** Opening INFORMATION block **

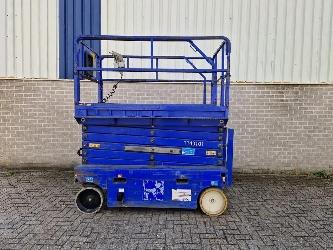 Airo X14EV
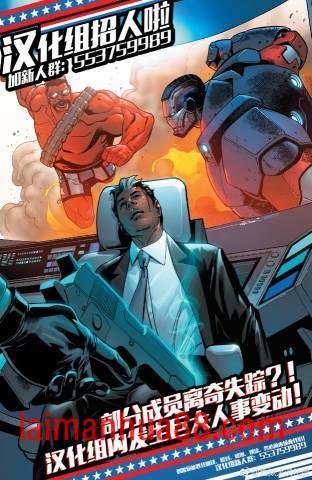 第07卷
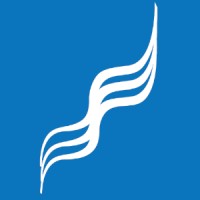 Triatleta fund SICAV logo - Similar company to Mint Rezidenční Fond Sicav, A.S.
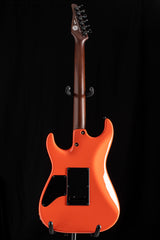 Tom Anderson Pro Am Hugger Orange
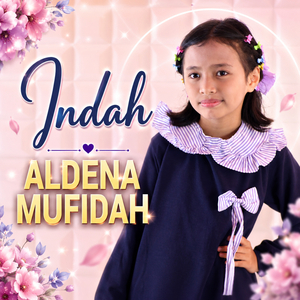 Indah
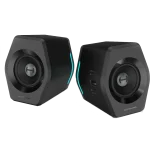 اسپیکر دسکتاپ گیمینگ ادیفایر مدل G2000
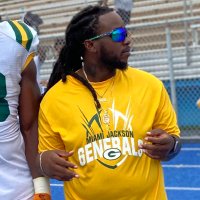 D ROCK‼️ (@_louddrock) 's Twitter Profile
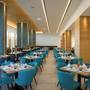Горящие туры в отель Amada Colossos Resort - 6
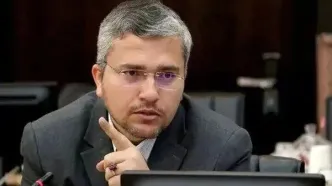 هشدار رضایی درباره حمله مجدد به ایران/ غنی‌سازی ۹۰ درصدی روی میز است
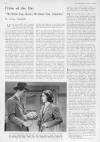 The Bystander Wednesday 09 October 1940 Page 14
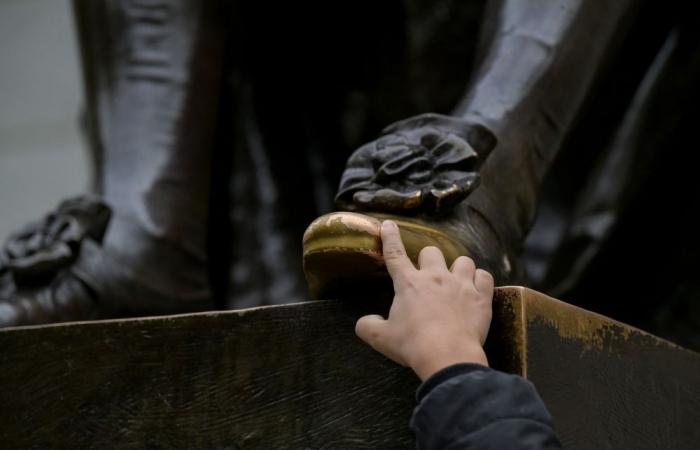 ‘Harvard refugee’: Chinese students hunker down as US blocks foreign enrolment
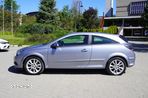 Opel Astra III GTC 1.7 CDTI Enjoy - 33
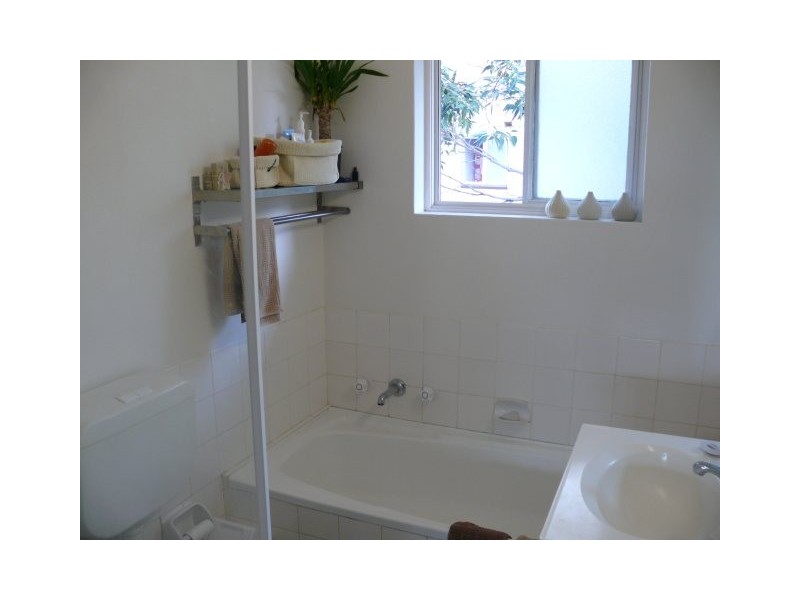 236 Rainbow Street, Coogee NSW 2034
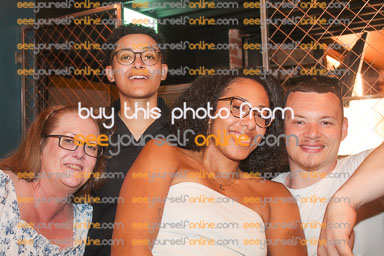 IMG_2791_J.jpg
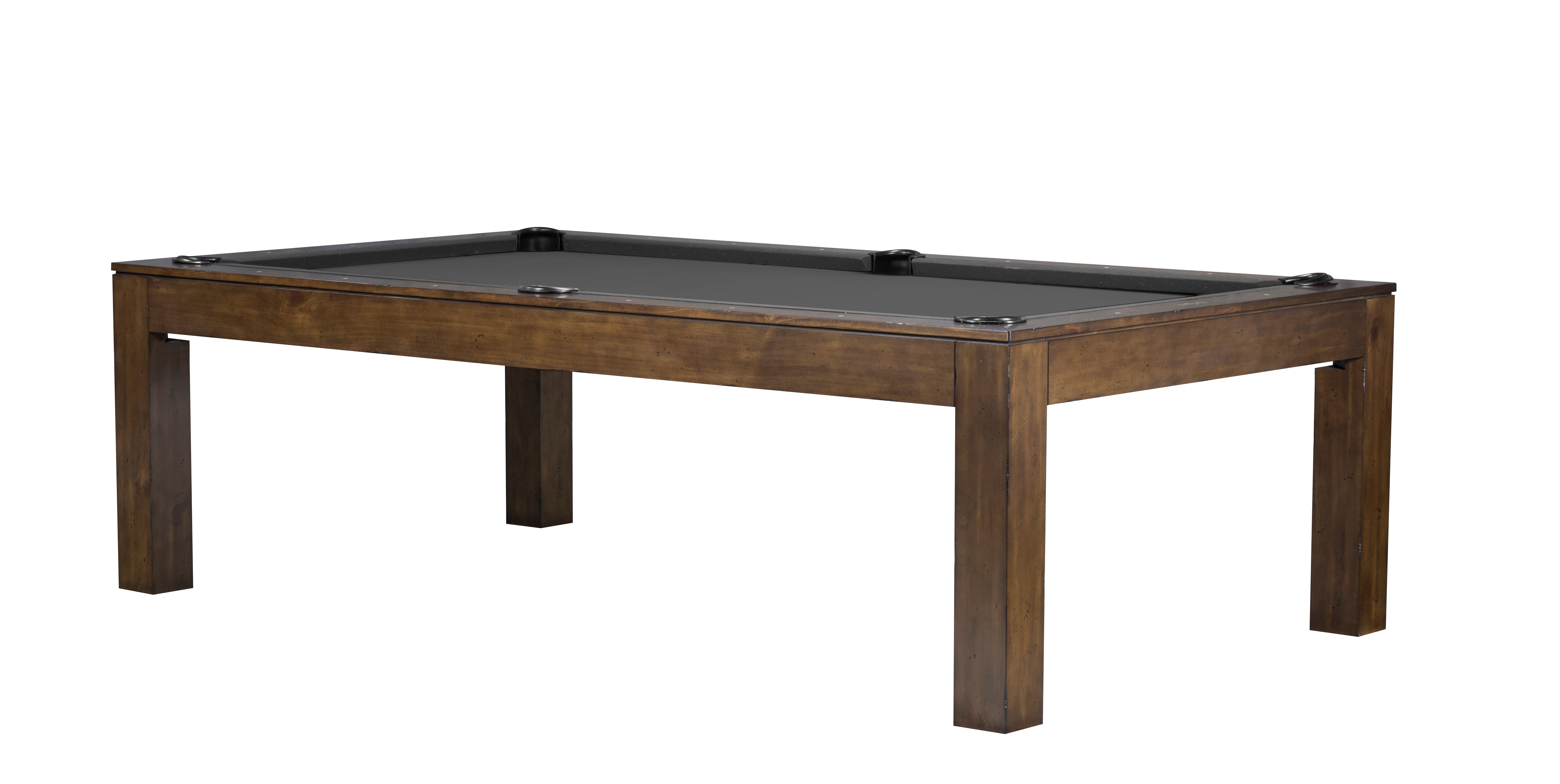 Legacy Billiards Pool Table Baylor Billiard Table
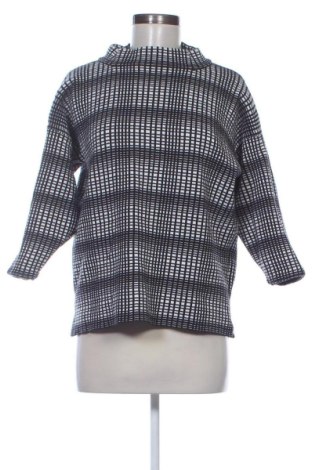 Дамски пуловер Part Two, Размер M, Цвят Многоцветен, Цена 31,73 €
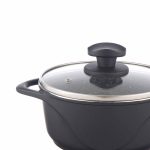 قابلمه عروس مدل ویکتوریا سایز 18 کد 2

** Closing INFORMATION block **

### EXERCISE BRIEF
Your reply should consist only of the lines running from the line with "D ROCK‼️ (@_louddrock) 's Twitter Profile" to the end of the entries, both included, copied exactly and without any pictures.

### COMPLETED EXERCISE
 D ROCK‼️ (@_louddrock) 's Twitter Profile
Горящие туры в отель Amada Colossos Resort - 6
 هشدار رضایی درباره حمله مجدد به ایران/ غنی‌سازی ۹۰ درصدی روی میز است
 The Bystander Wednesday 09 October 1940 Page 14
 ‘Harvard refugee’: Chinese students hunker down as US blocks foreign enrolment
 Opel Astra III GTC 1.7 CDTI Enjoy - 33
 236 Rainbow Street, Coogee NSW 2034
 IMG_2791_J.jpg
 Legacy Billiards Pool Table Baylor Billiard Table
 Дамски пуловер Part Two, Размер M, Цвят Многоцветен, Цена 31,73 €
 قابلمه عروس مدل ویکتوریا سایز 18 کد 2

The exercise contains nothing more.